Tisser la révolte (novembre 1831)

Que reste-t-il des événements de 1831 qui, après avoir enthousiasmé le peuple de Lyon durant ses Trois Glorieuses (21, 22, 23 novembre 1831) laissèrent la ville dans une angoissante désolation, et posèrent à toute la bourgeoisie d'Europe une question essentielle : celle de la légitimité de son pouvoir. Pour la première fois dans l'Histoire, en effet, on voyait une frange de la population, celle qui ne disposait "que de la force de son travail" (et qu'on appellerait bientôt le prolétariat) se révolter de façon cohérente et déterminée contre cette autre frange du peuple qu'on appelait la bourgeoisie, depuis peu culturellement, politiquement et historiquement dominante.

L'an dernier, sur ce blogue, nous avions revisité jour par jour les péripéties de ce que j'avais appelé "le feuilleton de novembre" :  Tous ceux qu'intéresse la compréhension de ce mouvement très complexe, fondateur à la fois du mutuellisme et de la conscience de classes au dix-neuvième siècle, peuvent retrouver ou découvrir ces billets regroupés en quatre épisode dans  « le novembre des canuts », ci-contre, à gauche.

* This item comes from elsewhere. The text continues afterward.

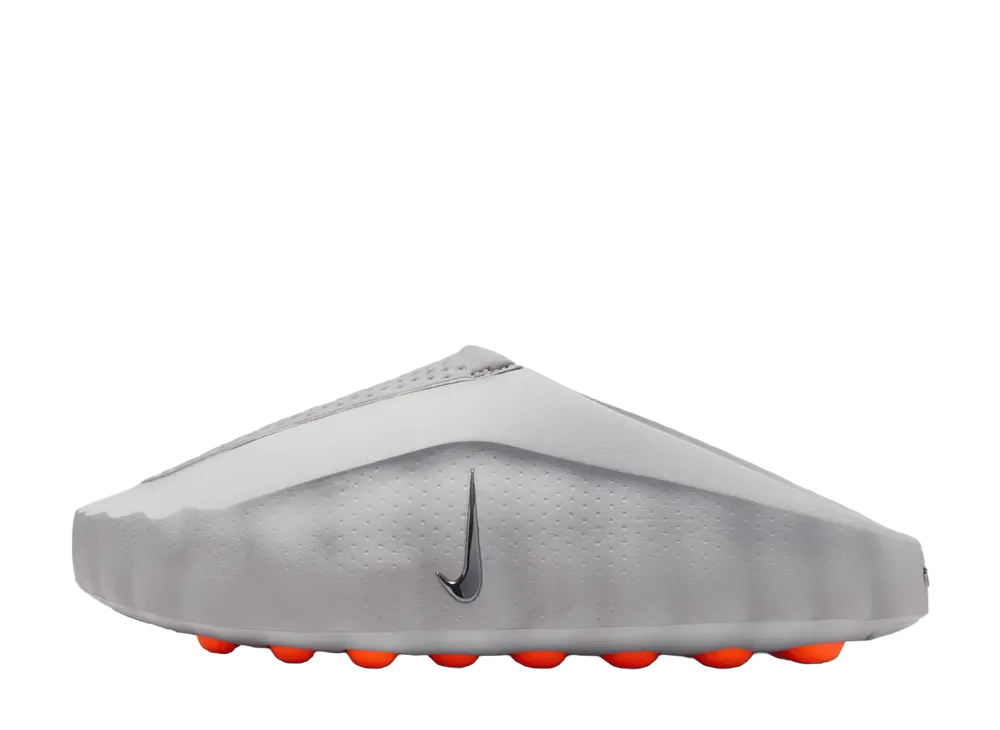 ナイキ マインド001 ミュール "ライトスモークグレー/ハイパークリムゾン"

Ils peuvent trouver dans la rubrique "sites à visiter"" celui de l'ENS qui publie en ligne la très précieuse collection des numéros de "L'Echo de la fabrique" (le journal des tisseurs) ou revisiter l'extraordinaire exposition "C'est nous les canuts" que l'historien Fernand Rude consacra à la mémoire des tisseurs lyonnais.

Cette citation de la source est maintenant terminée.